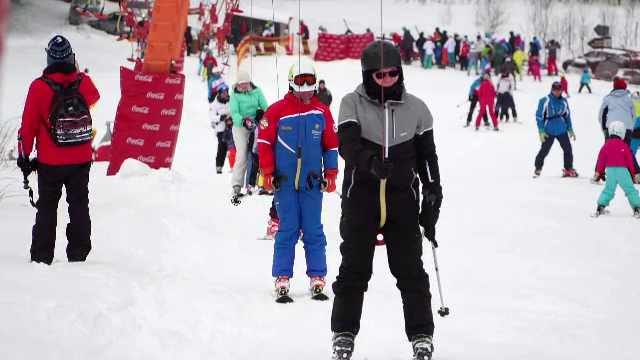 Noi posibile reguli pentru sezonul de schi din acest an. Pe pârtie, doar cu certificatul de vaccinare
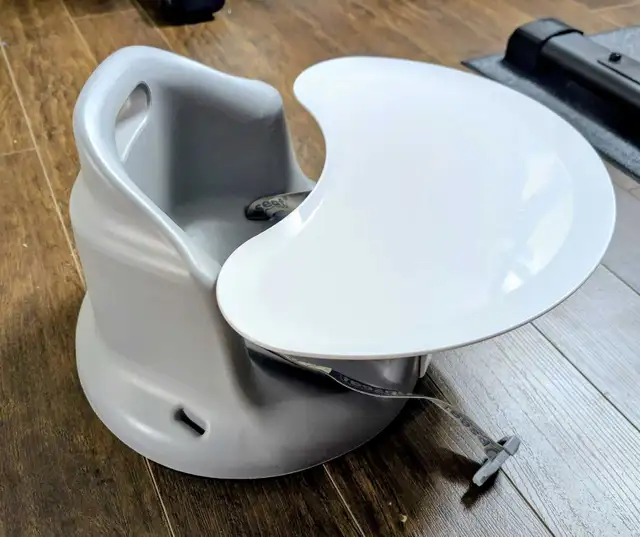 Upseat with Tray in Feeding & High Chairs in Mississauga / Peel Region - Image 2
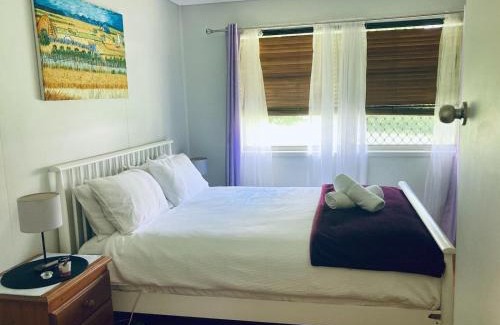 North Tamborine Villa | lavender cottage three large bedroom house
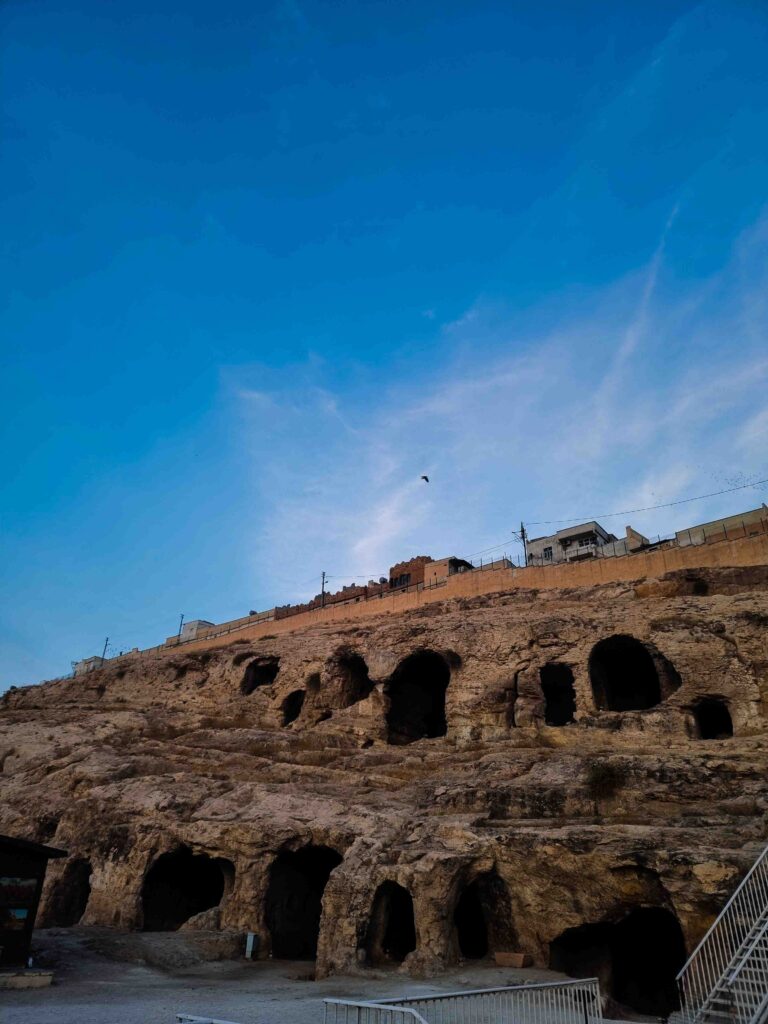 allora cave 2 2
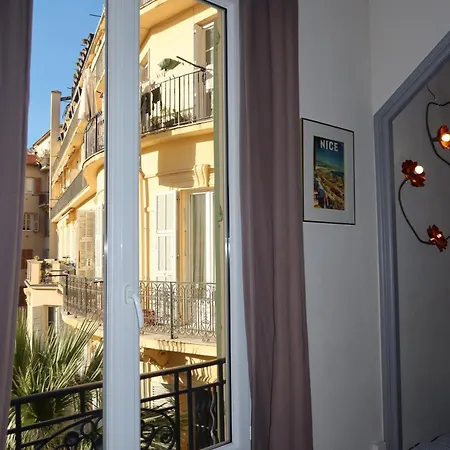 Charming Overlooking A Beautiful Garden Apartment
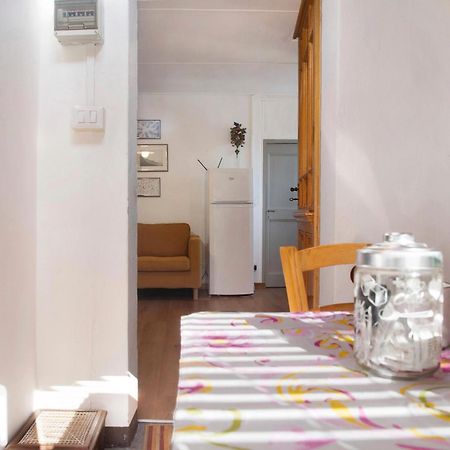 La Vecchia Torre Apartment Porto Valtravaglia Bagian luar foto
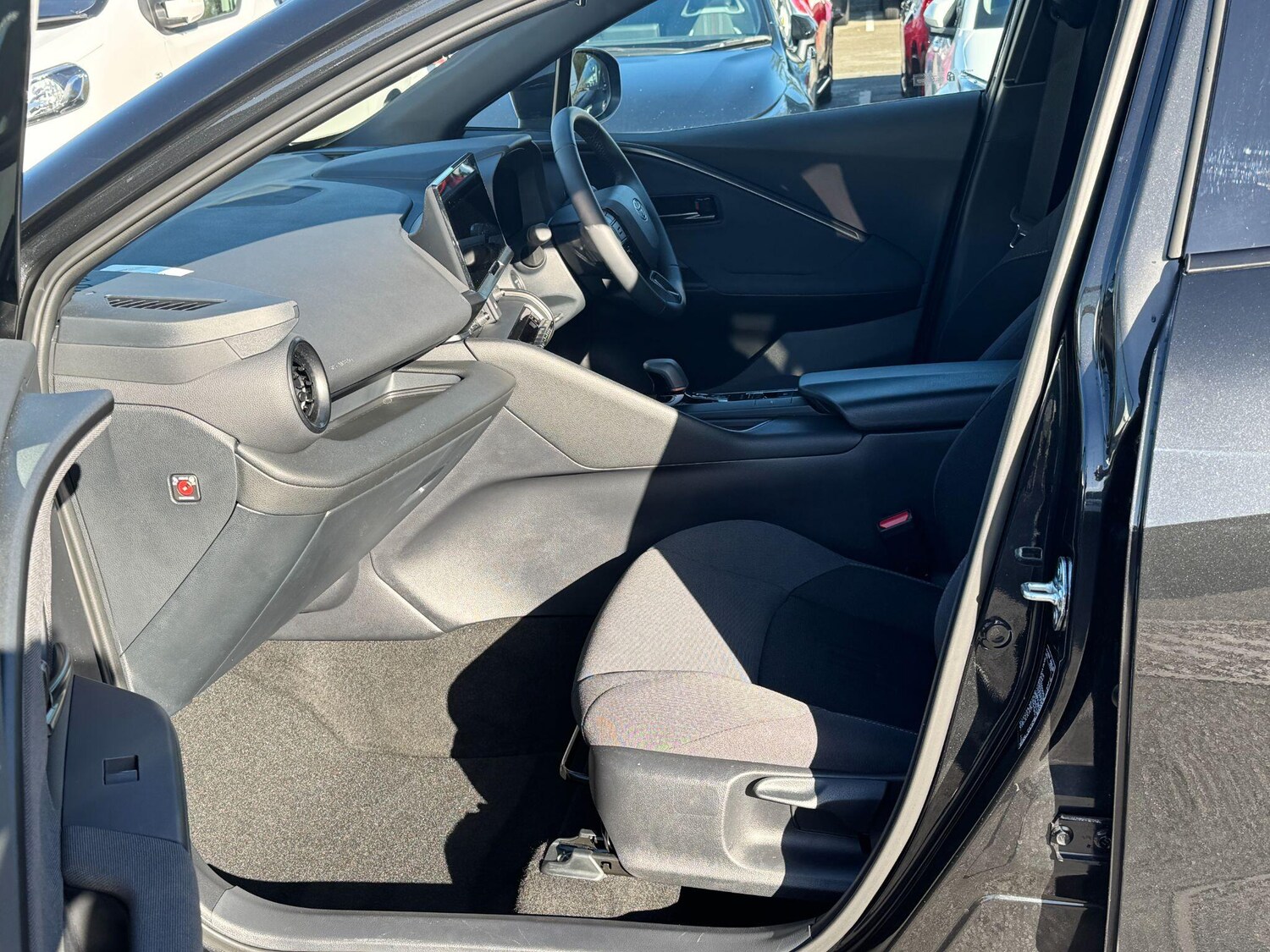 Used Toyota C-HR 2024 for sale - 77331228: Photo 14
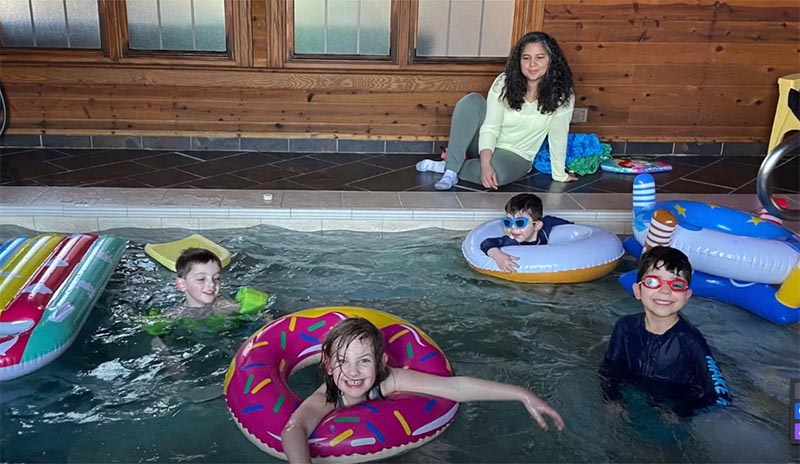 Unique places to stay in Wisconsin in winter with hot tub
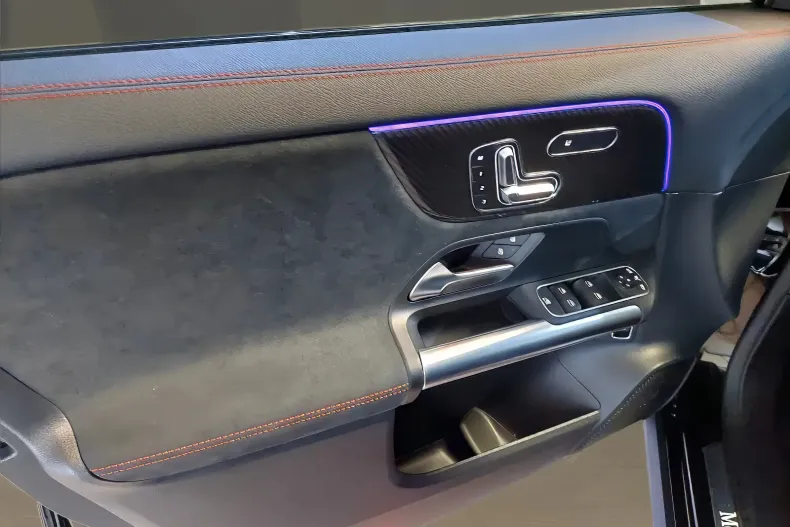 Mercedes-Benz GLA din 2022 cu 17.000 km - oferta MER122877 - foto 8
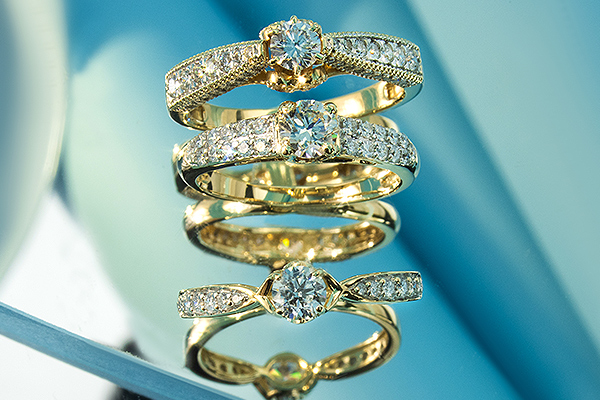 Nietypowy pierścionek zaręczynowy – jakiej kobiecie się spodoba?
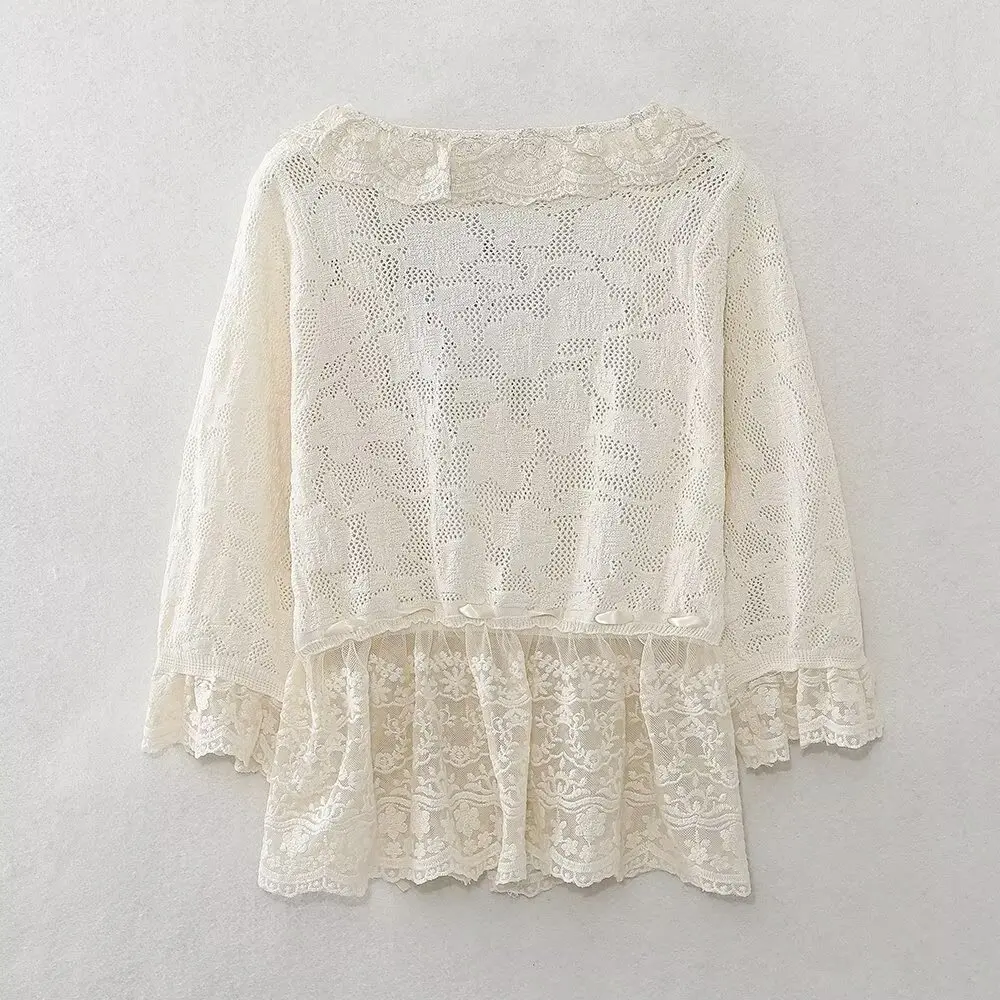 Maxdutti 2025 Summer Shirt French Beige Elegant Lace Shirt Women Minimalist Retro Knitted Blouse Women Pullover top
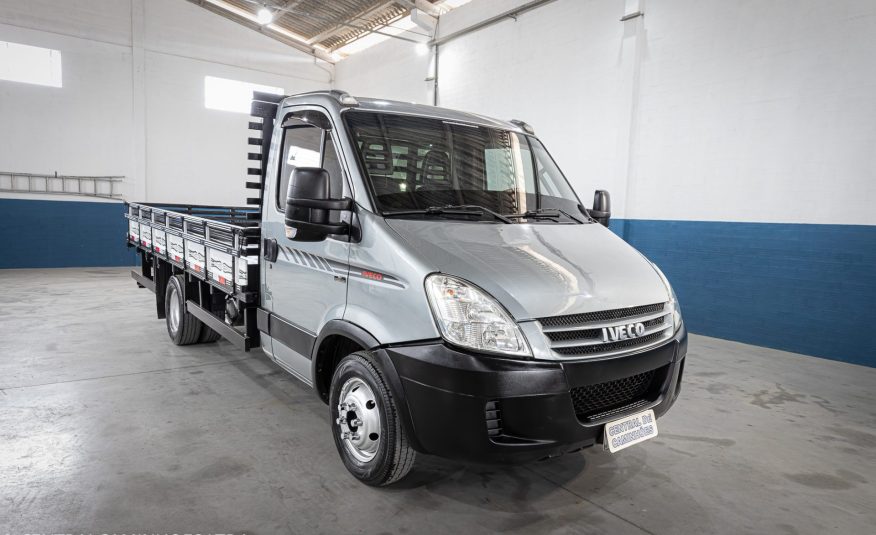 IVECO DAILY 55C16 ANO 2010 NA CARROCERIA DE 4.40M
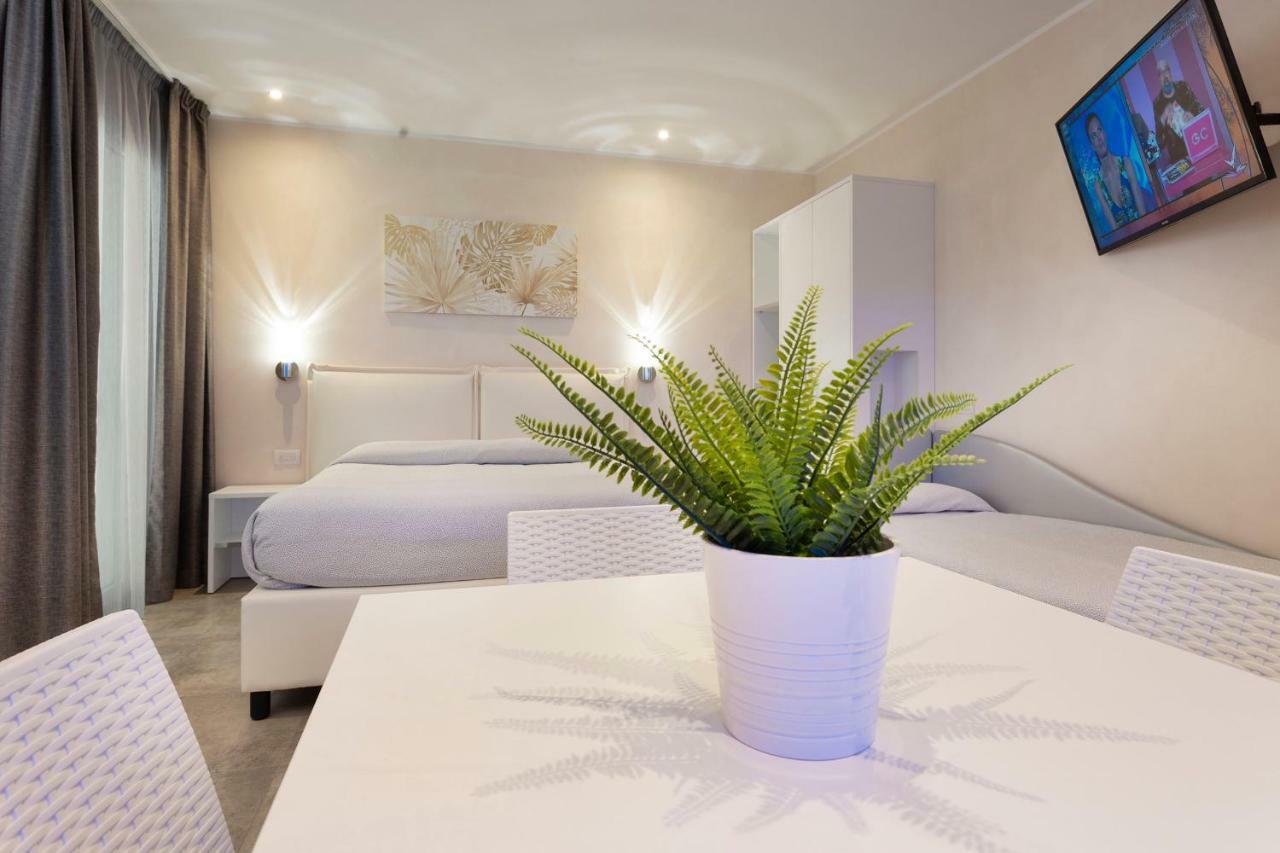 White Suite & Apartments Bellaria-Igea Marina Exterior photo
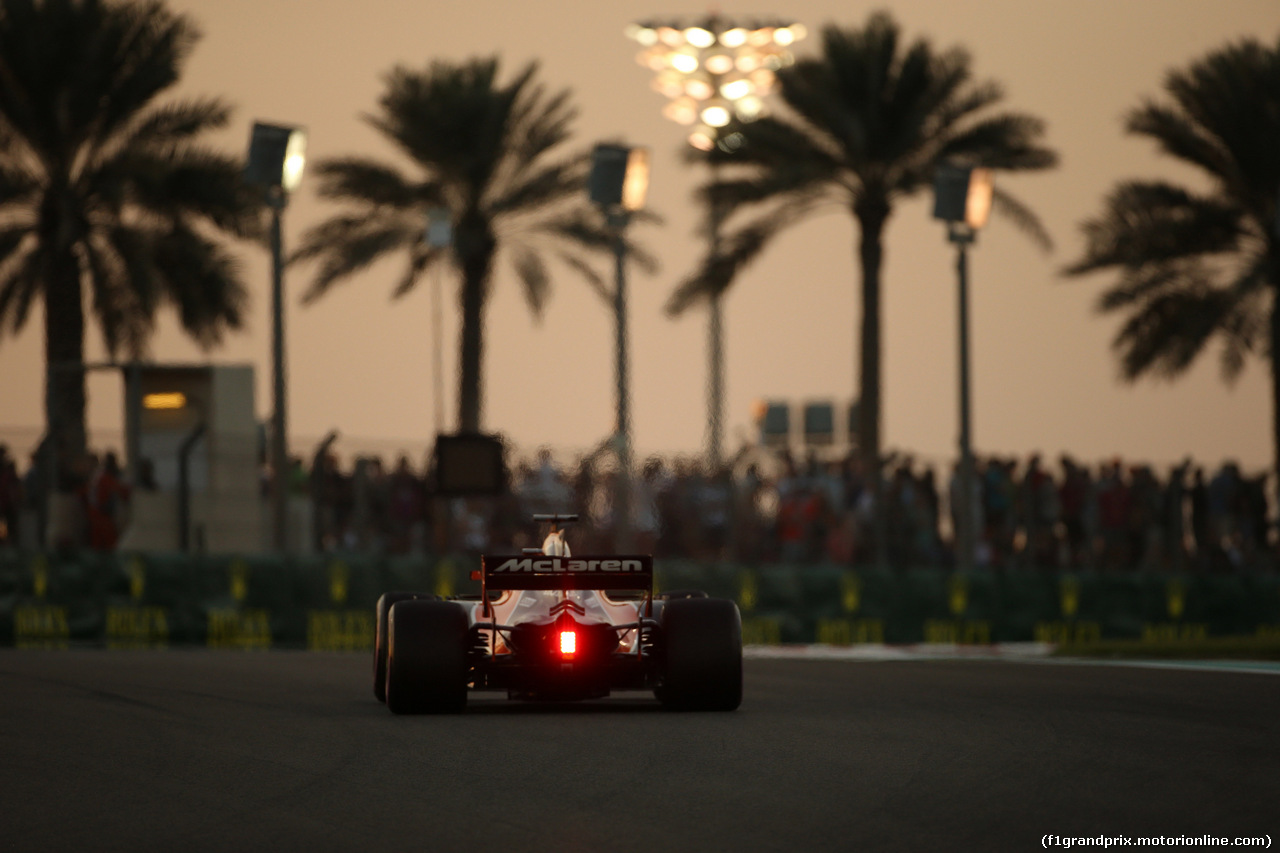 GP ABU DHABI, 25.11.2017 - Qualifiche, Fernando Alonso (ESP) McLaren MCL32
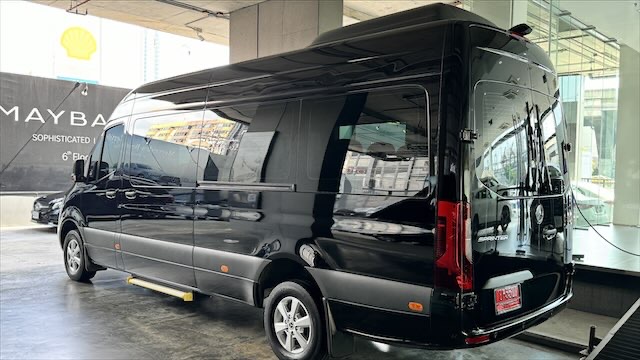 New Benz Sprinter 2024 VVIP 11 Seats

* [What is required] Quote in full the listing given above; the images are to be left out.

* [Expected output]
 Noi posibile reguli pentru sezonul de schi din acest an. Pe pârtie, doar cu certificatul de vaccinare
 Upseat with Tray in Feeding & High Chairs in Mississauga / Peel Region - Image 2
 North Tamborine Villa | lavender cottage three large bedroom house
 allora cave 2 2
 Charming Overlooking A Beautiful Garden Apartment
 La Vecchia Torre Apartment Porto Valtravaglia Bagian luar foto
 Used Toyota C-HR 2024 for sale - 77331228: Photo 14
 Unique places to stay in Wisconsin in winter with hot tub
 Mercedes-Benz GLA din 2022 cu 17.000 km - oferta MER122877 - foto 8
 Nietypowy pierścionek zaręczynowy – jakiej kobiecie się spodoba?
 Maxdutti 2025 Summer Shirt French Beige Elegant Lace Shirt Women Minimalist Retro Knitted Blouse Women Pullover top
 IVECO DAILY 55C16 ANO 2010 NA CARROCERIA DE 4.40M
 White Suite & Apartments Bellaria-Igea Marina Exterior photo
 GP ABU DHABI, 25.11.2017 - Qualifiche, Fernando Alonso (ESP) McLaren MCL32
 New Benz Sprinter 2024 VVIP 11 Seats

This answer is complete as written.